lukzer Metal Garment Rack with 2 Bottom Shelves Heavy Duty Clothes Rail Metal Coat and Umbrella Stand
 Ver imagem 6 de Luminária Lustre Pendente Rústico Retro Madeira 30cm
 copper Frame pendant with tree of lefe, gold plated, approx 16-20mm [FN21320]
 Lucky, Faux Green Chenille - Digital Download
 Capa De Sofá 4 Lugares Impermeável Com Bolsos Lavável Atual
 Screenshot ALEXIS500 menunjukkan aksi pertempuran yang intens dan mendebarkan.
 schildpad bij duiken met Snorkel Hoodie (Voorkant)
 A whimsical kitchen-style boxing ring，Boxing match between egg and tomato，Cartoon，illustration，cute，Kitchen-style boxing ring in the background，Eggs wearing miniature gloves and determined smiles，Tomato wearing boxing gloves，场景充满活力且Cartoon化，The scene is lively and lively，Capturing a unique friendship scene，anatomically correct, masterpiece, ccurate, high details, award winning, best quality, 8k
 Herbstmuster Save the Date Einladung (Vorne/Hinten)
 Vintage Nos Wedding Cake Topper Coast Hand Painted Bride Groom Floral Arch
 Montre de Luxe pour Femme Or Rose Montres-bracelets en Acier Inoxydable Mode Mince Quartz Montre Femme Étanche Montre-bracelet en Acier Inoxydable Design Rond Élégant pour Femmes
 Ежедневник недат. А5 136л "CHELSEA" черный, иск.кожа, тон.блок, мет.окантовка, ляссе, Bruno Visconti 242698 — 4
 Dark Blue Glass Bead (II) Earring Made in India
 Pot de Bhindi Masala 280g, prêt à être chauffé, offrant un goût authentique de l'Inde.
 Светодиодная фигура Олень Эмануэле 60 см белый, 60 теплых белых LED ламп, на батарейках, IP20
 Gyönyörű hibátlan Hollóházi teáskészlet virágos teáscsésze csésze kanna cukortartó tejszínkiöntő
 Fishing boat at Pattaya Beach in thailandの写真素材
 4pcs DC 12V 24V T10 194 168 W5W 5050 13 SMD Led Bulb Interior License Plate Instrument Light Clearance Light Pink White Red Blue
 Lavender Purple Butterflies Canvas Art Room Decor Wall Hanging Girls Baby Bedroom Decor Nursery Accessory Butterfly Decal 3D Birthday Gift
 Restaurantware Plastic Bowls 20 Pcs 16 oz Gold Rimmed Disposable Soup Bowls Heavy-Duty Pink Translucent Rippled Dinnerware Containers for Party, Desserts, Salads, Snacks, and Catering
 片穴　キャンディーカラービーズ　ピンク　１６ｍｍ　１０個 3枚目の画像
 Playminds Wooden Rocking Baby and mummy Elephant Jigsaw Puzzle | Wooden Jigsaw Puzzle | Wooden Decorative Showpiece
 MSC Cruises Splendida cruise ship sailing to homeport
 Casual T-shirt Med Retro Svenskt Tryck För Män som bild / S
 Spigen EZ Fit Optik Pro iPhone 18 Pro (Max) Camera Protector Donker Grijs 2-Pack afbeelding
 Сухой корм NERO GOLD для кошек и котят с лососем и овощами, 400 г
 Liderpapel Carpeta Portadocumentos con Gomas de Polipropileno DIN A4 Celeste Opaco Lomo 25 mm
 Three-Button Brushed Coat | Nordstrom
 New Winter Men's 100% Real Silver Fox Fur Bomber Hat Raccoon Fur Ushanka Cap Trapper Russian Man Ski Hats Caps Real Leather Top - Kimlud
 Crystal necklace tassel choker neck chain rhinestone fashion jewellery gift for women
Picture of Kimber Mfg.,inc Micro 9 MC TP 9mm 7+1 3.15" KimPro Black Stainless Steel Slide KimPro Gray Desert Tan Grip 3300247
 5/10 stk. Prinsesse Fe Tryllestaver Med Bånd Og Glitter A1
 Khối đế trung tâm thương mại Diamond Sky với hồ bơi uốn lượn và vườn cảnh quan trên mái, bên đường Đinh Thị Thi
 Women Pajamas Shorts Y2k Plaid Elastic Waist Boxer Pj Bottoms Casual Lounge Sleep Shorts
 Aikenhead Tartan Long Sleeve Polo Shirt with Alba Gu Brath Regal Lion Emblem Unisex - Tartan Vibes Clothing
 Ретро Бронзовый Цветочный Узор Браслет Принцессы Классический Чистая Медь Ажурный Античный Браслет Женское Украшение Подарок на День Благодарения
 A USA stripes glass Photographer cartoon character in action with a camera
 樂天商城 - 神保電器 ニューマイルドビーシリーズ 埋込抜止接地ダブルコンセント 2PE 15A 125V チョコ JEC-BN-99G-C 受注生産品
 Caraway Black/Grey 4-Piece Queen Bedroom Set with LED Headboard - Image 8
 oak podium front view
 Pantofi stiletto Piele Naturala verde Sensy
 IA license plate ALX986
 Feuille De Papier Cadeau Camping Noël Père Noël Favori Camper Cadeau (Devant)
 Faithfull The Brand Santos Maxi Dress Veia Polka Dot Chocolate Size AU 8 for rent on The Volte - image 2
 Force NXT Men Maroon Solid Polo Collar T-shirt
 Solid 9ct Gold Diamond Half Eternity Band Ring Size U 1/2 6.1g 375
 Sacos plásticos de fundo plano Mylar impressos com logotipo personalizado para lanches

● ● ● ● ● ● ●

*Exercise directions*
Retype exactly the lines above, from the one with "Светодиодная фигура Олень" through the one with "Casual T-shirt Med", inclusive.

*Answer section*
 Светодиодная фигура Олень Эмануэле 60 см белый, 60 теплых белых LED ламп, на батарейках, IP20
 Gyönyörű hibátlan Hollóházi teáskészlet virágos teáscsésze csésze kanna cukortartó tejszínkiöntő
 Fishing boat at Pattaya Beach in thailandの写真素材
 4pcs DC 12V 24V T10 194 168 W5W 5050 13 SMD Led Bulb Interior License Plate Instrument Light Clearance Light Pink White Red Blue
 Lavender Purple Butterflies Canvas Art Room Decor Wall Hanging Girls Baby Bedroom Decor Nursery Accessory Butterfly Decal 3D Birthday Gift
 Restaurantware Plastic Bowls 20 Pcs 16 oz Gold Rimmed Disposable Soup Bowls Heavy-Duty Pink Translucent Rippled Dinnerware Containers for Party, Desserts, Salads, Snacks, and Catering
 片穴　キャンディーカラービーズ　ピンク　１６ｍｍ　１０個 3枚目の画像
 Playminds Wooden Rocking Baby and mummy Elephant Jigsaw Puzzle | Wooden Jigsaw Puzzle | Wooden Decorative Showpiece
 MSC Cruises Splendida cruise ship sailing to homeport
 Casual T-shirt Med Retro Svenskt Tryck För Män som bild / S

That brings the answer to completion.